Ağıt, bir kişinin ölümünden duyulan acıyı anlatan şiirlerdir. Divan edebiyatında buna mersiye denirdi.
Ağıt yakmanın Türk toplumunda çok eski bir geçmişi vardır. İslâmlıktan önceki dönemde, ünlü bir kişinin ölümünden sonra yapılan ve "yuğ” adı verilen dinsel yas törenlerinde sagu denen şiirler söylenirdi; bu şiirlerde, ölünün iyilikleri, yaşarken yaptığı işler, yiğitlikler anlatılırdı. Elimizde, ünlü yiğit Alp Er Tunga için söylenmiş bir sagudan parçalar vardır. Anadolu'da ölenin arkasından yas törenleri düzenleme ve ağıt söyleme geleneği hâlâ sürmektedir.

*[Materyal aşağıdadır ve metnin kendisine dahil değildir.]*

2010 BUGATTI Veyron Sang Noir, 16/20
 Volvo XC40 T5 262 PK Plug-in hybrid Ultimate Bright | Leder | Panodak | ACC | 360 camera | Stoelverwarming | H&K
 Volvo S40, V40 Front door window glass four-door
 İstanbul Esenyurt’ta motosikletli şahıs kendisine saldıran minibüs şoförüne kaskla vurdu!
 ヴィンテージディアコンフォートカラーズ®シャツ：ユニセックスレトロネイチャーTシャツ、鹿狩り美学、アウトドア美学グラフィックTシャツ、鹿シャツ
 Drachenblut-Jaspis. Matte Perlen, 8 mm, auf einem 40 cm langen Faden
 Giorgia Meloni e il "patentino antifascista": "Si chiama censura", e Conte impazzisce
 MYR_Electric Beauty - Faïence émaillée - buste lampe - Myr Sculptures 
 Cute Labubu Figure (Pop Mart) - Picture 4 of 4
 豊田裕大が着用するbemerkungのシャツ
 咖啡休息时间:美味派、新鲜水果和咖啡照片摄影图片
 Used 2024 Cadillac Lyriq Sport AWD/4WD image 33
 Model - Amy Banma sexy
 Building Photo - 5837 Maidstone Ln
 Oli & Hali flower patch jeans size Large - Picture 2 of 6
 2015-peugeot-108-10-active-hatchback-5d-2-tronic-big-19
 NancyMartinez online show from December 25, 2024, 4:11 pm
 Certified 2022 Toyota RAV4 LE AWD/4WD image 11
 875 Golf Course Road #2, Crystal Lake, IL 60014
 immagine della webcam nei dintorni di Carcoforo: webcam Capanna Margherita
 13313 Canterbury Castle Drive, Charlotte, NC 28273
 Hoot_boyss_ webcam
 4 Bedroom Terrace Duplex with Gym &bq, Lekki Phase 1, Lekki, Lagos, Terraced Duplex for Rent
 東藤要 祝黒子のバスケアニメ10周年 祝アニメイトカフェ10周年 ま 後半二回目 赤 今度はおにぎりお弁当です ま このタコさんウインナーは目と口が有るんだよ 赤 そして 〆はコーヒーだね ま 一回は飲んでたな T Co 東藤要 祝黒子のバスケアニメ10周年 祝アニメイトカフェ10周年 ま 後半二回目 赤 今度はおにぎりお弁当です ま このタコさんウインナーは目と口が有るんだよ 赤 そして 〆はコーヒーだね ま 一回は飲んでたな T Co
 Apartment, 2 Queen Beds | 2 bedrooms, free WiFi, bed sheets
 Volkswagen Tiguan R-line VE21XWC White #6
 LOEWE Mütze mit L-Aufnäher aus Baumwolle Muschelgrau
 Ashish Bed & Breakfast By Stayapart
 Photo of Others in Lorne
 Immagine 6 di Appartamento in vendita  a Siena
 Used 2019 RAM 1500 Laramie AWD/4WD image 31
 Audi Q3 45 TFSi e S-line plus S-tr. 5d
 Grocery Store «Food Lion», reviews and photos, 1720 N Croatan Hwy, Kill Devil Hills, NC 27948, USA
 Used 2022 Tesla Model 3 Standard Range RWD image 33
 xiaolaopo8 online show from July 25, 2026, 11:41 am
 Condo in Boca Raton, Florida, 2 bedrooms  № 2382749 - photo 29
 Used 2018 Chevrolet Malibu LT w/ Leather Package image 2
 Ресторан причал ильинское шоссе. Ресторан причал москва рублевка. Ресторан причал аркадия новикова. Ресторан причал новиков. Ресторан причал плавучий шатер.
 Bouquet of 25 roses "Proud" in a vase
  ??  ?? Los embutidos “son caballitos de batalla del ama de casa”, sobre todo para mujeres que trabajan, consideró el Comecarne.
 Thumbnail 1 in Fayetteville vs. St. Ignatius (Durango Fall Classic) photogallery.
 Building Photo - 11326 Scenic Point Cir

Halk şiirinde, kişilerin ölümünden başka, herhangi büyük bir toplumsal felâket dolayısıyla da ağıtlar söylenmiştir
Şu noktayı da gözden uzak tutmamak gerekir: Ağıt, bir nazım biçimi değil, bir şiir türüdür; koşma biçimiyle söylendiği gibi, türkü biçimiyle de söylenir.
Ağıt Örnekleri:
1.
KOŞMA
Bu ağıtı, nişanlı iken genç yaşta ölen amcası kızı Ziyade için söylemiştir.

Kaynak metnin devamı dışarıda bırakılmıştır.